The UK home secretary unveiled plans in Parliament on Jan. 26 for a new National Police Service (NPS), which is modeled on the FBI and will take over the fight against terrorism and organized crime in the UK.
The NPS would replace the National Crime Agency, which covers England and Wales, although it would also have a UK-wide role.
The document states that the government would invest 115 million pounds ($157 million) over the next three years “to enable the rapid and responsible adoption of [artificial intelligence] and automation technologies by the police.”
A new National Centre for AI in Policing, known as Police.AI, would be created.
The number of facial recognition camera vehicles would be increased from 10 to 50.
“A hundred years ago, fingerprinting was decried as curtailing our civil liberties, but today we could not imagine policing without it,” Mahmood said.
“I have no doubt that the same will prove true of facial recognition technology in the years to come.”

There is currently no dedicated statute governing police use of facial recognition in England and Wales.

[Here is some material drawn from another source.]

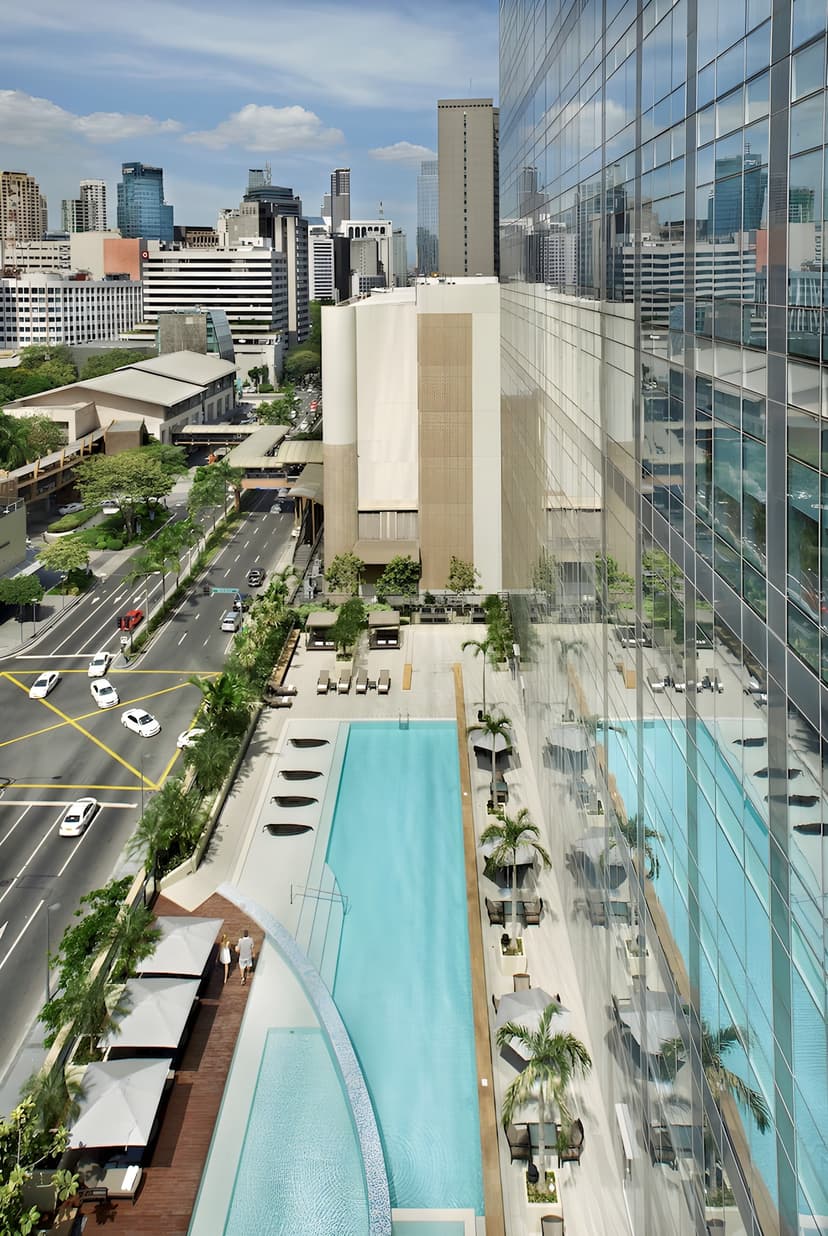 Hero/establishing shot of Fairmont Makati, Manila, Philippines. A five-star tower in the heart of the Makati CBD, Manila — the natural city bookend for a Philippine island itinerary, a three-minute walk from the Greenbelt and Glorietta mall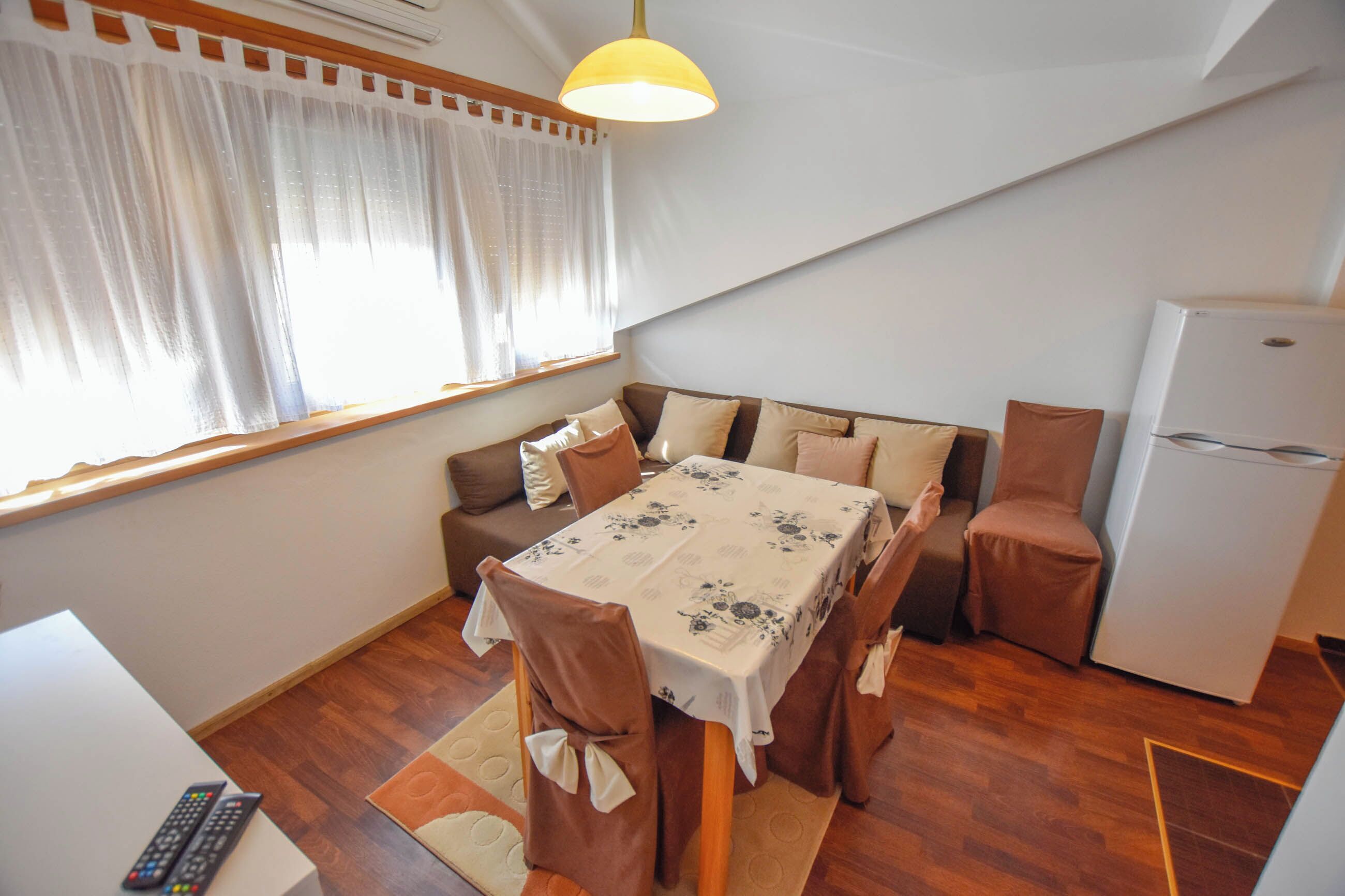 A compact living space with a dining table, chairs, a sofa, a refrigerator, and a window with curtains.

Earlier in January, Eleanor “Nell” Watson, a leading researcher and adviser on AI ethics and transparency, criticized the increased deployment of surveillance technology.
Mahmood also announced plans to scrap the existing 43 police constabularies in England and Wales, which would be reorganized into a dozen regional forces.
“Policing is not broken, as some might have us believe,” she told the House of Commons on Jan. 26. “Last year, the police made over three-quarters of a million arrests, 5 percent more than the year before.”
‘Epidemic of Everyday Crime’
“However, across the country, things feel very different,” Mahmood said. “Communities are facing an epidemic of everyday crime that all too often seems to go unpunished, and criminals know it. Theft has risen by 72 percent since 2010, phone theft is up 58 percent.”The current 43 police forces in England and Wales were set up in 1974, but Mahmood said the world has changed dramatically.
“Criminals are operating online and across borders with greater sophistication than ever before, be they drug smugglers, people traffickers or child sexual abusers,” Mahmood said.
“The world has changed dramatically since policing was last fundamentally reformed over 50 years ago. Policing remains the last great unreformed public service.”
There were plans to merge police forces 20 years ago, but the idea was dropped by the Labour government of then-Prime Minister Tony Blair.
Labour won a general election in the UK last year, and Mahmood was installed as home secretary, tasked with sorting out the UK’s police and prisons.
Criticism of ‘Mega-Forces’
The opposition Conservative Party’s shadow home secretary, Chris Philp, criticized the plan to reduce the number of police forces from 43 to 12 and said it would create forces that would be too big.“Such huge forces will be remote from the communities they serve,“ Philp said. ”Resources will be drawn away from villages and towns towards large cities.”
He noted that the Metropolitan Police, the UK’s largest police force, had the worst crime-solving rates.
“That goes to show that large scale does not automatically deliver better results, and therefore we will oppose the mandated merger of county forces into remote regional mega-forces,” Philp said.
Member of Parliament Pete Wishart, of the Scottish National Party, said: “Over the weekend, the home Secretary was trailing this proposal as a British FBI.
“While it might indeed be their FBI, British it most definitely is not, as it applies only to England and Wales.”
“In Scotland, we are immensely proud of our culture and ethos of policing by consent and the fact that we have the lowest crime rates in the whole of the UK,” Wishart said. “The last thing we want is this creeping Americanization.”
He demanded to know what powers the NPS would have in Scotland.
Mahmood said NPS would cover the whole of the UK.
“In England and Wales, it will have full operational powers and will be able to carry out its law enforcement activities,” she said.
“But in Scotland and Northern Ireland, it will carry out operations only with the agreement of the legally designated authority.”